But, when its warmer outside, my biceps are sometimes visible.
And, like, the boyfriend of the freaking-out girl will tell her to shut up. Shhhh! Because he sees I have biceps. Which is the stupidest thing I have ever heard of.
Listen, anybody who does not assume that the next jerkwad around here has a GUN is just plain AN IDIOT. OK. You should just make that assumption around here. So. What difference should it make, then, if I have biceps, when I might POSSIBLY have a gun? People are idiots.
"Oh, no. We don't wanna mess with that guy. No, we gotta respect him, cuz look at his arms!"
Dudes! I didn't get biceps from beating people up. I got them from chopping wood. Chopping down trees. Lifting weights. And then suffering for the next two weeks in bed from CFS relapses. Come on. Just leave me be - either way!

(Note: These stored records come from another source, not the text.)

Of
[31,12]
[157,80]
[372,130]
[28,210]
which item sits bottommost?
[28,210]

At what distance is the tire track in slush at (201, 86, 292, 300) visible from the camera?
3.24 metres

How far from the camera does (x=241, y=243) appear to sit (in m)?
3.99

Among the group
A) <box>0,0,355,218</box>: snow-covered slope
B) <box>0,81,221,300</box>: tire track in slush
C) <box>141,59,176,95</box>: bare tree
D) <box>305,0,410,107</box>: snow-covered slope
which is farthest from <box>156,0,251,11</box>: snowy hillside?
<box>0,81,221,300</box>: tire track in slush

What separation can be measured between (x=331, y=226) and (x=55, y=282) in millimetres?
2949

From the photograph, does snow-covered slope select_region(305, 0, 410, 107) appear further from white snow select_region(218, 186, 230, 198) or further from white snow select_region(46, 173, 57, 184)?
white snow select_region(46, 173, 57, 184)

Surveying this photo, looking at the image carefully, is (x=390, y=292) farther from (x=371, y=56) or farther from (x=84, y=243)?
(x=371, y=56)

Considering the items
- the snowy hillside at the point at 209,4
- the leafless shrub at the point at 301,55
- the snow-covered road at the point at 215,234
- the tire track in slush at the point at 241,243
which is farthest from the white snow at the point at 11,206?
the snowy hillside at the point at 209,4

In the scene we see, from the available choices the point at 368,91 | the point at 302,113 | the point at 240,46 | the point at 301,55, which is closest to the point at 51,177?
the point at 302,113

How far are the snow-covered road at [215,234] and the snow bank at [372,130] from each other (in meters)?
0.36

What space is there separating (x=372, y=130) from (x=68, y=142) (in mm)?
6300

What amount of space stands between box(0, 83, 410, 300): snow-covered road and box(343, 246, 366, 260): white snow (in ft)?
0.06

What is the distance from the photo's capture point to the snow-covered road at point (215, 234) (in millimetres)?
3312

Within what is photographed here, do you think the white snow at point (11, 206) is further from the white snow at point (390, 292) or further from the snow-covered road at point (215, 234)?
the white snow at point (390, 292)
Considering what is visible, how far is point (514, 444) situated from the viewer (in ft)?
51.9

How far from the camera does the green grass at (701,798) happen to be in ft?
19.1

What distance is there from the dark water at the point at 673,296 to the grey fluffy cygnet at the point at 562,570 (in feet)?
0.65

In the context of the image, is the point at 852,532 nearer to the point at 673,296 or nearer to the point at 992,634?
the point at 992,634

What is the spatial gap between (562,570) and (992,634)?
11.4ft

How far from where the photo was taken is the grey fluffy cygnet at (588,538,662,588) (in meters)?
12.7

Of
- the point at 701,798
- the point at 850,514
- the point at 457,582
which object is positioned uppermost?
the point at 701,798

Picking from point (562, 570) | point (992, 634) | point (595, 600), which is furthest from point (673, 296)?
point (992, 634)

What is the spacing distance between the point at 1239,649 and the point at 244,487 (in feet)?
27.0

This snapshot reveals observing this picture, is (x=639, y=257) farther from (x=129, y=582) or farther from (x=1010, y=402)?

And the girls drool, like some monster movie. Get off! I don't want a girl who wants me for my biceps! I want to grow boobs and have a girl want me for my sexy bitch ass! ha ha. But seriously - I want a girl who understands more important things. If I took on a girl who mainly wanted me for my biceps, that would mean I would be doomed to a future of always thinking my biceps were important, as a show-and-tell commodity.
If anyone tries to make me live this way I will punch them out and put an end to it right away.
"Oh loo! He has ARMS!"
GET AWAY FROM ME. GET AWAY FROM ME!!!!!!!